• _Data section_
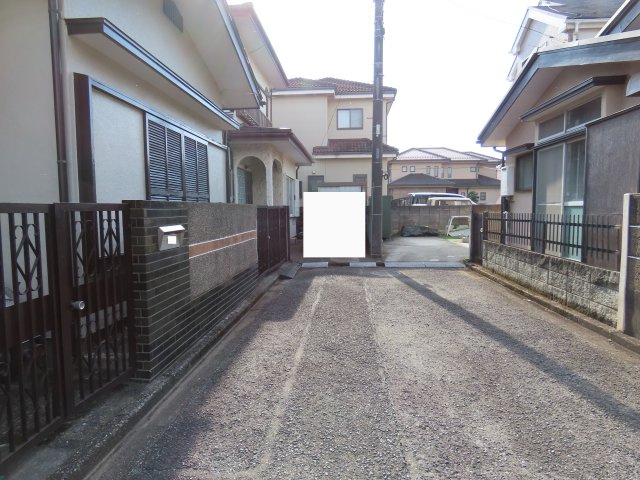 坂戸市伊豆の山町売地の前面道路含む現地写真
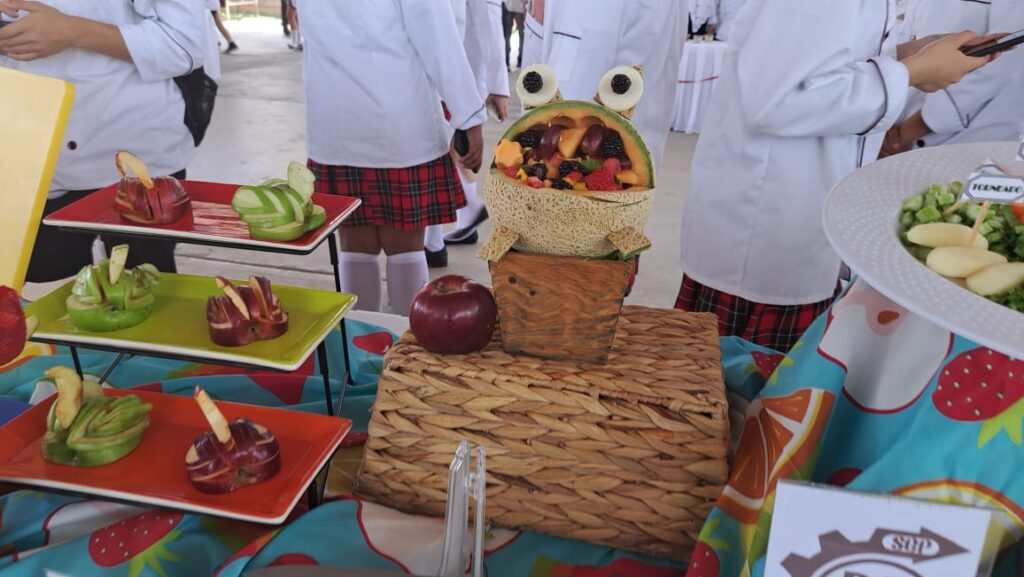 Alumnos de Cbtis 51 presentan la muestra gastronómica “Aprender para emprender”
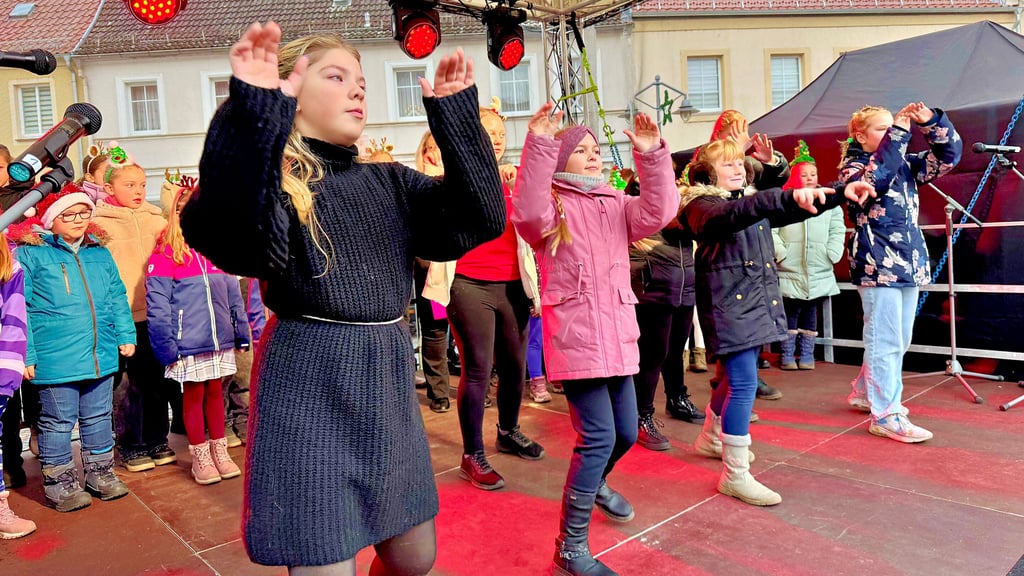 Die Erst- bis Viertklässler der örtlichen Grundschule „Max Lingner“  führen  auf der Bühne ein 20-minütiges Programm auf.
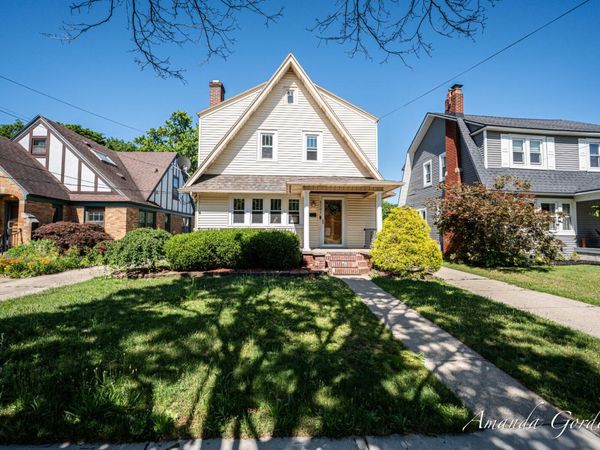 2101 Paris Avenue SE, Grand Rapids, MI 49507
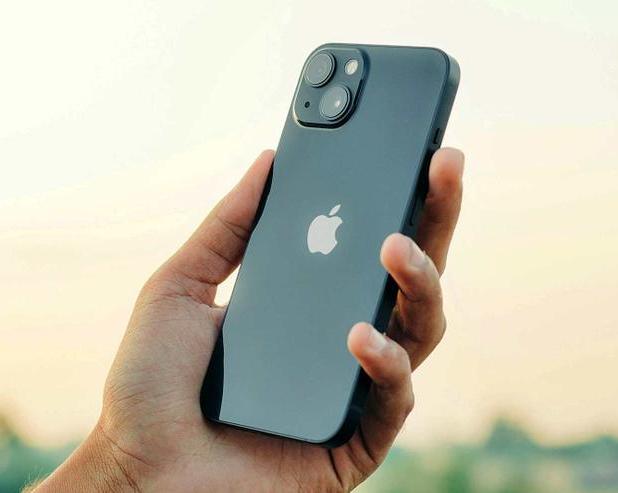 Apple добавила спутниковую связь для iPhone 13 в iOS 18.5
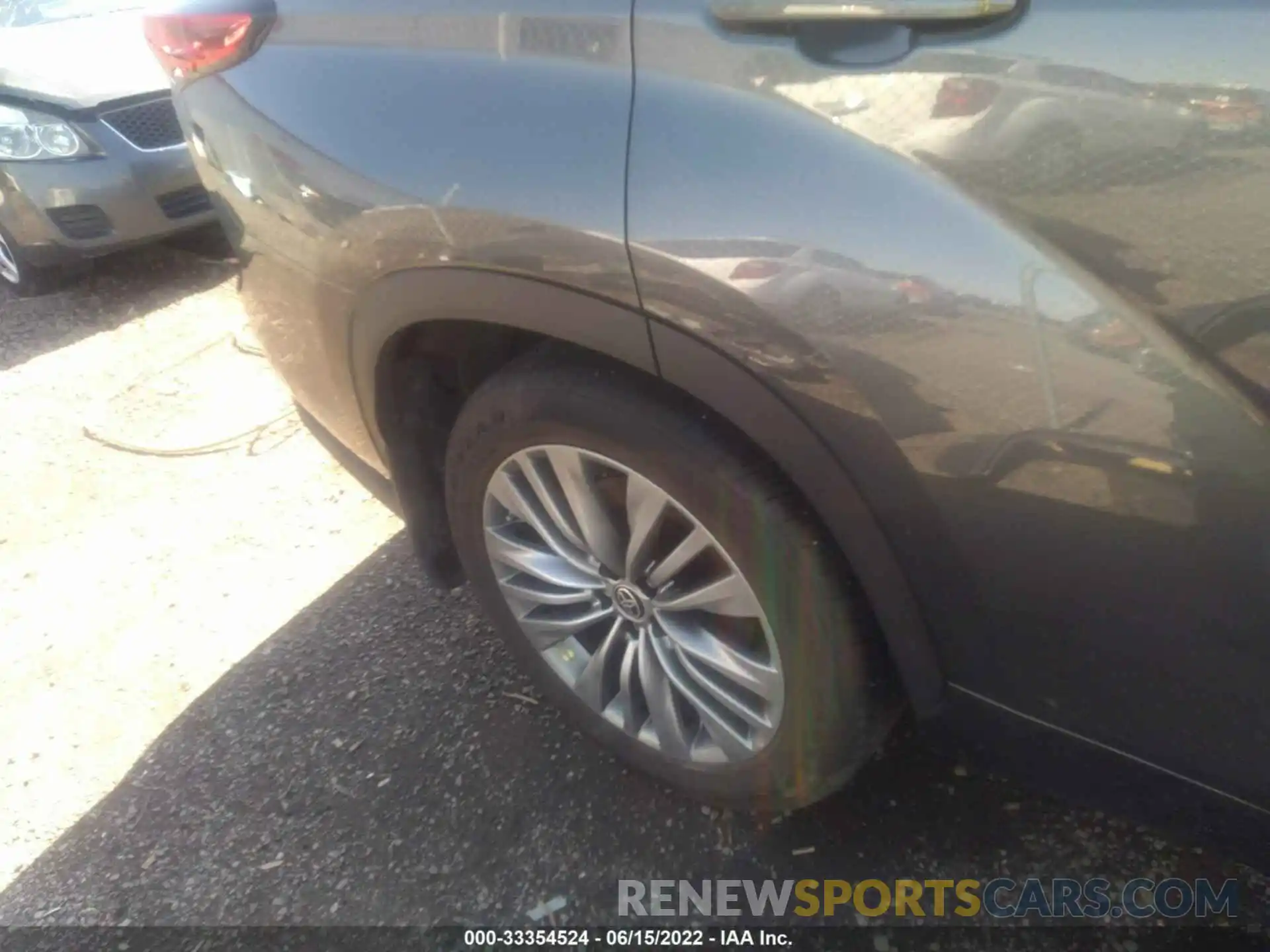 6 Photograph of a damaged car 5TDFZRBH0LS041463 TOYOTA HIGHLANDER 2020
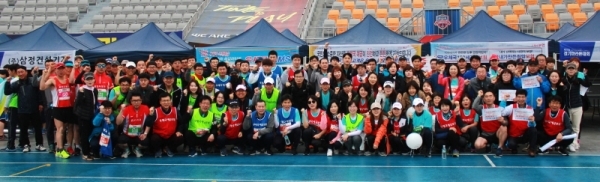 3.1 운동 및 대한민국 임시정부수립 100주년 기념으로 21일 수원 종합운동장에서 열린 '제17회 경기마라톤대회'에서 경인지방우정청 소속원들이 부스앞에서 기념촬영을 하고 있다. 윤원규 수습기자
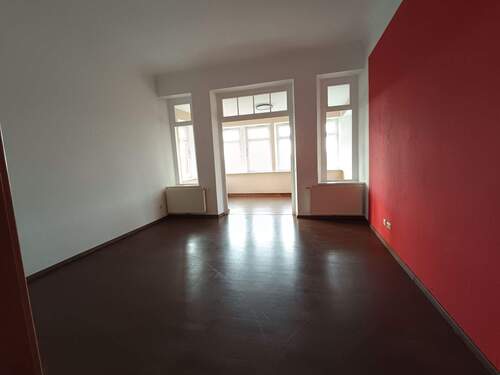 Wohnzimmer mit angrenzendem Erkerzimmer -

• _What you should do_
Repeat the whole of the material above exactly, but keep the pictures out.

• _Output_
 坂戸市伊豆の山町売地の前面道路含む現地写真
 Alumnos de Cbtis 51 presentan la muestra gastronómica “Aprender para emprender”
 Die Erst- bis Viertklässler der örtlichen Grundschule „Max Lingner“  führen  auf der Bühne ein 20-minütiges Programm auf.
 2101 Paris Avenue SE, Grand Rapids, MI 49507
 Apple добавила спутниковую связь для iPhone 13 в iOS 18.5
 6 Photograph of a damaged car 5TDFZRBH0LS041463 TOYOTA HIGHLANDER 2020
 3.1 운동 및 대한민국 임시정부수립 100주년 기념으로 21일 수원 종합운동장에서 열린 '제17회 경기마라톤대회'에서 경인지방우정청 소속원들이 부스앞에서 기념촬영을 하고 있다. 윤원규 수습기자
 Wohnzimmer mit angrenzendem Erkerzimmer -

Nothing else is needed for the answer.